The week leading up to Easter Sunday, known as Semana Santa in Costa Rica, is one of the country’s most important religious holidays. Many residents have the entire week off from work, schools are closed, and Thursday and Friday are government mandated holidays so that families may spend time together. This year, Holy Week falls from April 18-24, and no matter how you spend the holiday, you’re sure to witness a variety of religious traditions – and an unforgettable aspect of Costa Rican culture.

More than 75% of the country is Catholic, and another 16% are Protestant Christians. For many, Holy Week is a time of worship, reflection and, finally, celebration of Christ’s resurrection. Catholics are expected to relax, avoiding labor during this week. Therefore, Easter Week preparations begin well in advance, as families make special dishes and ready their homes for the coming celebrations. Church members run dry rehearsals of religious parades, and help polish statues (effigies) that will play an important role in the processions.
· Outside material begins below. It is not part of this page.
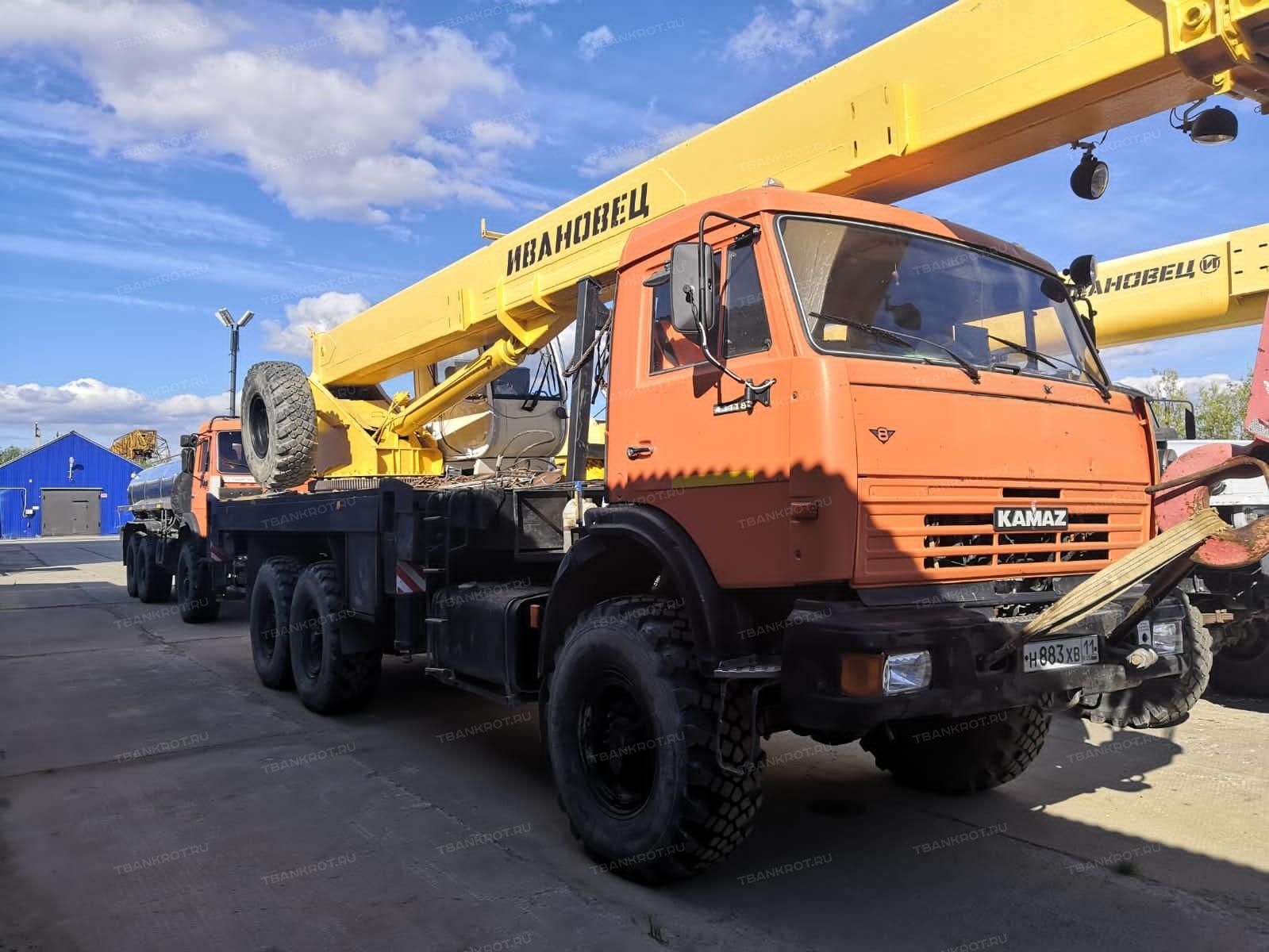 КАМАЗ 43118 (кран автомобильный). 2010 года выпуска, VIN XVN45717RA4000009,  регистрационный знак Н 883 ХВ 11 купить Б/У в Москве по цене 789 480 руб. -  Биржа оборудования ProСтанки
Holy Wednesday, Maundy Thursday, Good Friday and Easter Sunday are Holy Week’s most important days, and every town’s Catholic Church organizes festivities on these holidays. Dramatic religious parades wind through every town, reenacting Jesus’ journey through Jerusalem, the crucifixion, and His eventual resurrection. Parade participants dress up to perform key roles, including Roman soldiers, the Virgin Mary, Mary Magdalene, and Saint Joseph. Two of the most famous processions take place in Tres Rios de Cartago, where live actors are used in place of effigies, and in San Joaquin de Flores. Be forewarned that these parades are somber and the details can be quite gruesome – think bleeding statues, their faces twisted in pain – and are meant to evoke strong emotions in attendees.

Conservative Catholics refrain from eating meat during Lent (the period between Ash Wednesday and Easter), so traditional Holy Week cuisine revolves around seafood. Chiverre squash also plays a prominent role in the week’s gastronomic offerings, appearing as sweet jelly, filling for turnovers, and pudding. Other specialties vary by regions; for example, families in Guanacaste spend weeks gathering wild mangos for marmalade and other sweet treats.

Those who don’t participate in religious celebrations often take the week to travel, usually to the beach. Holy Week sees the country’s busiest traffic and most crowded beaches, and tourists will find that most hotels are booked months in advance. Nearly every shop shuts down from Holy Thursday to the following Monday, so it's a good idea to stock up on goods before then, and avoid traveling as several transportation companies close completely or offer limited service. Unfortunately for party-hearty beachgoers, Costa Rica’s Dry Law is also in place during this time, and all liquor sales are illegal between Holy Wednesday and Easter Sunday. Many choose to stock up on alcohol during the previous weekend, and the occasional bar will be open at the beach.

Even if you’re not Catholic, try to catch a Holy Week parade, and don’t forget to pick up a chiverre empanada!